• Requirement:
Beginning with the line containing "Back view of", transcribe every line exactly down to the last one in the records below, and drop the pictures.

• Provided records:
******

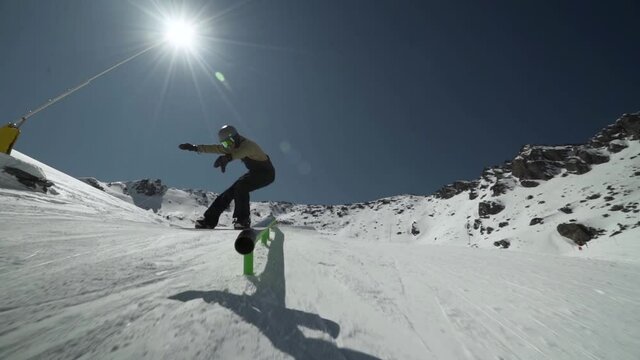 Snowboarder sliding along big steal rail performing a board lip slide during a bright sunny day in New Zealand.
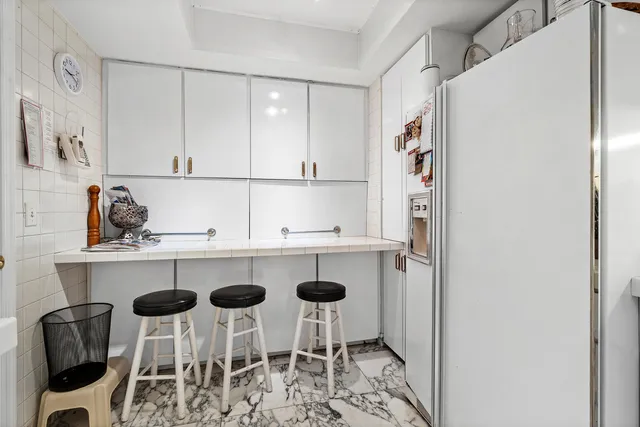 a kitchen with cabinets and chairs in it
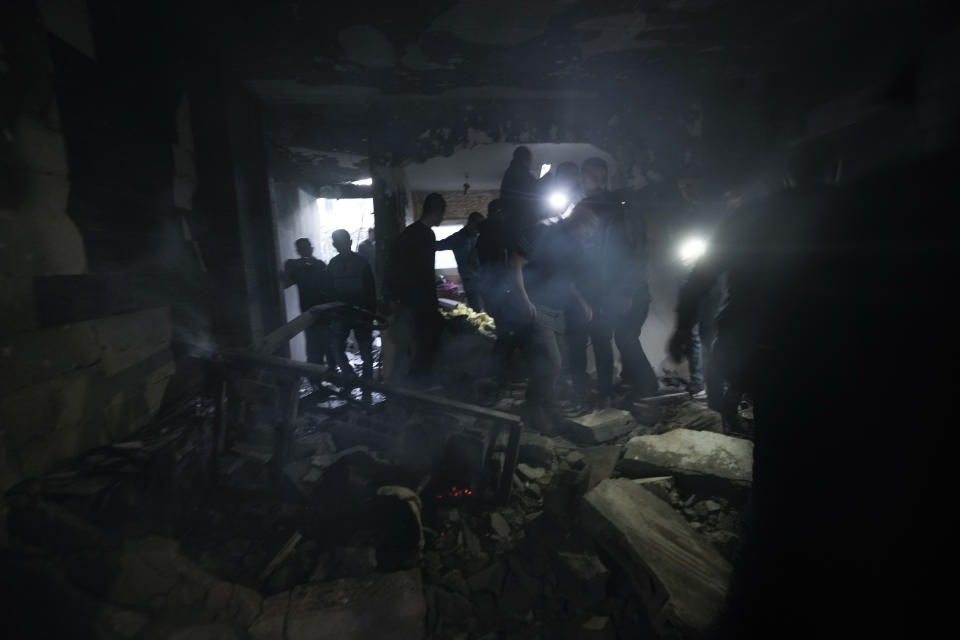 Palestinians inspect the site of a building damaged in an Israeli military raid in the West Bank city of Jenin, Tuesday, March 7, 2023. The raid led to a gunbattle that killed at least six Palestinians. Israeli officials said the target was a militant who killed two Israeli brothers in a West Bank shooting last week. The man was among those killed on Tuesday. (AP Photo/Majdi Mohammed)
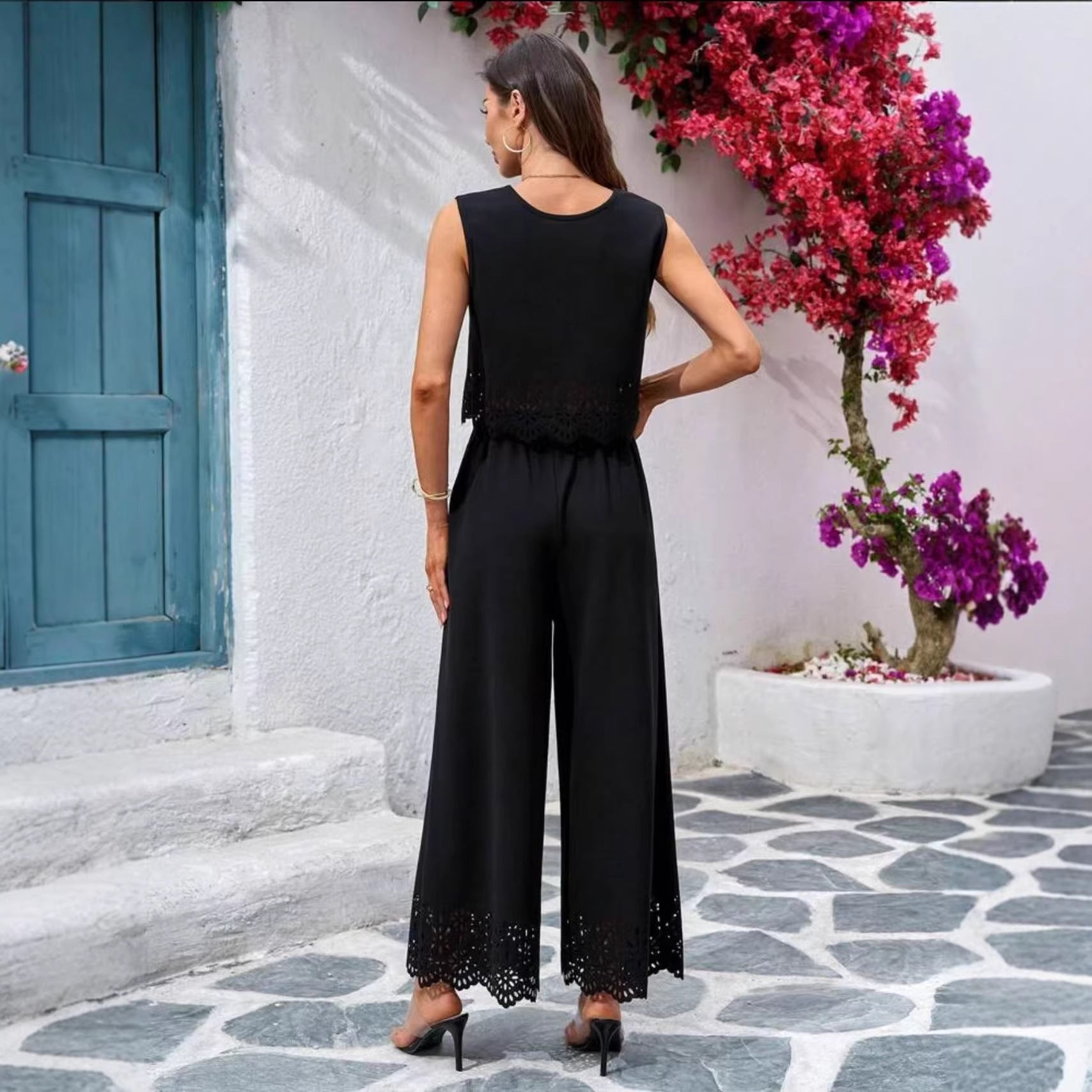 Women's resort-style hollow-out tank top and pants set by FitiqueFit, casualwear with pockets, perfect for relaxed summer days.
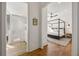 View from hall of primary bathroom and bedroom suite, with walk-in shower at 803 Courtenay Ne Dr, Atlanta, GA 30306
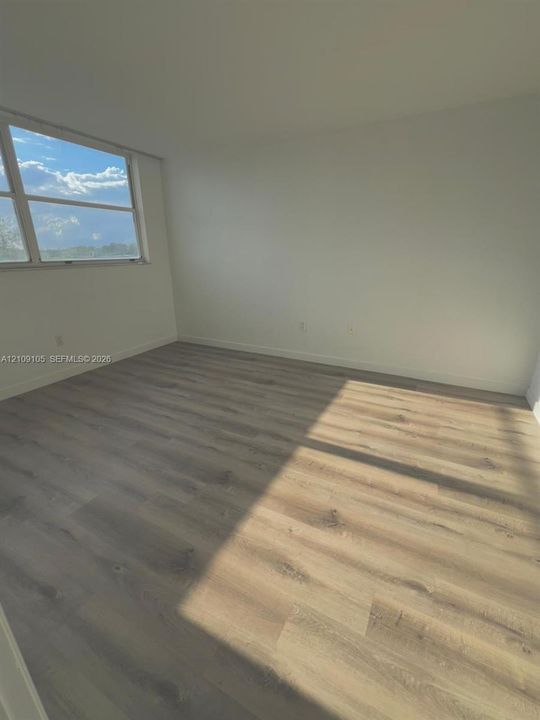 Neutral interior space featuring wood-finish flooring and a multi-pane window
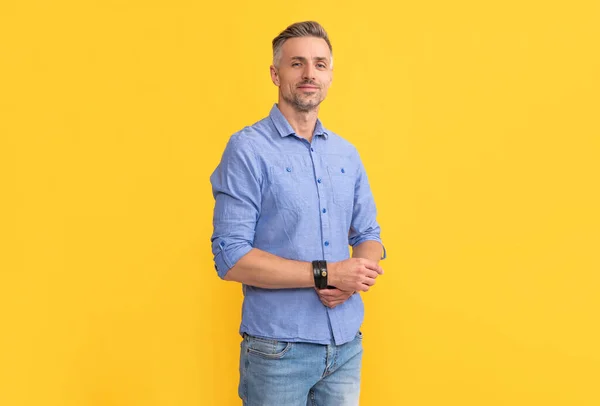 Smiling adult man with graying hair on yellow background, fashion — Stockfoto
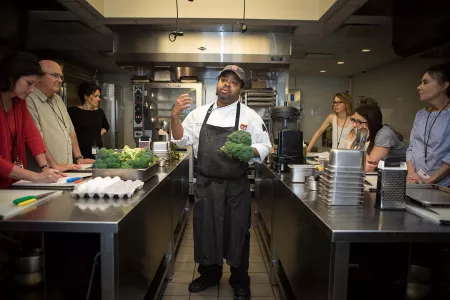 A chef with greens during the zero waste event.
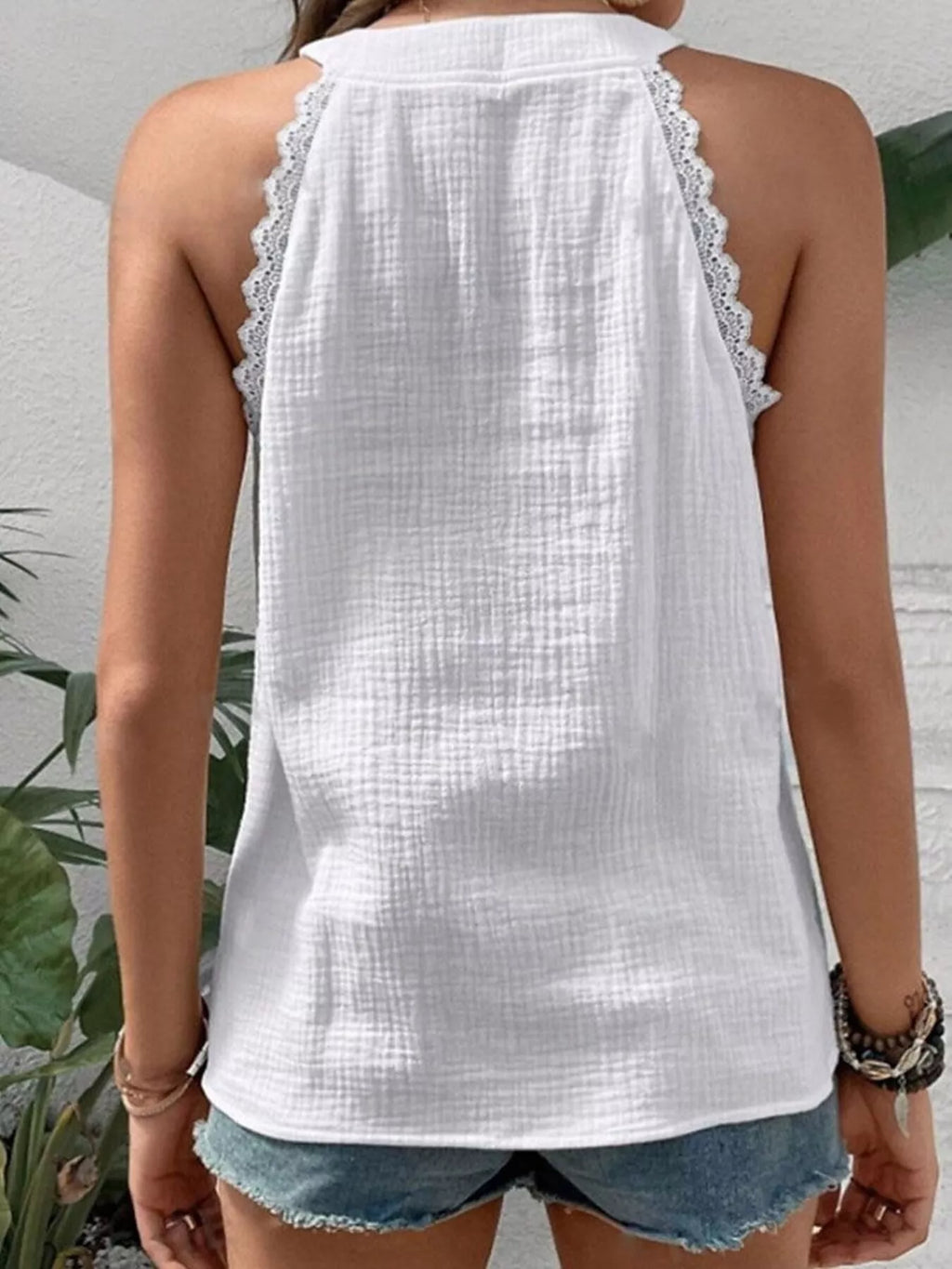 Back view of white textured tank with lace trim around shoulders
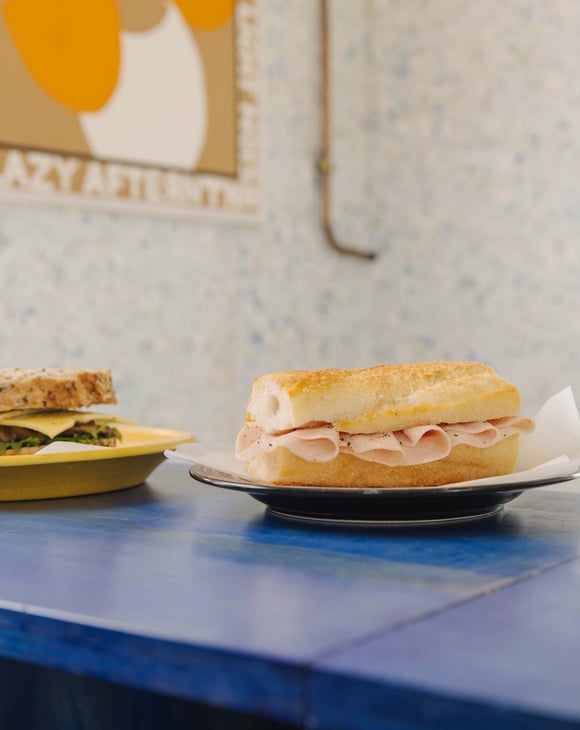 Two simple sandwiches placed next to each other on blue table at Odds in Christchurch
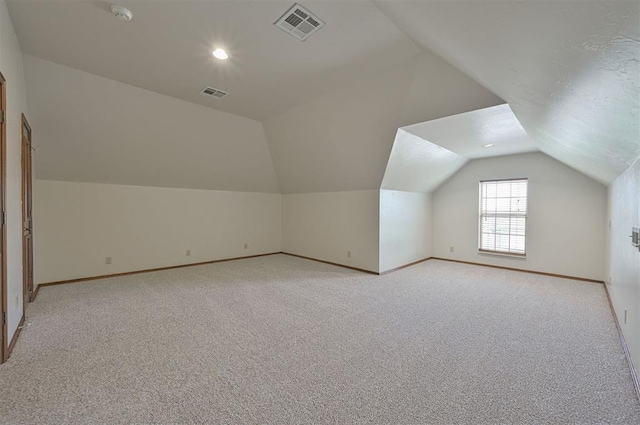 5404 NW 119th St, Oklahoma City, OK 73162 - bonus room with lofted ceiling, light colored carpet, and recessed lighting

******

• Response area:
 Back view of white textured tank with lace trim around shoulders
 Two simple sandwiches placed next to each other on blue table at Odds in Christchurch
 5404 NW 119th St, Oklahoma City, OK 73162 - bonus room with lofted ceiling, light colored carpet, and recessed lighting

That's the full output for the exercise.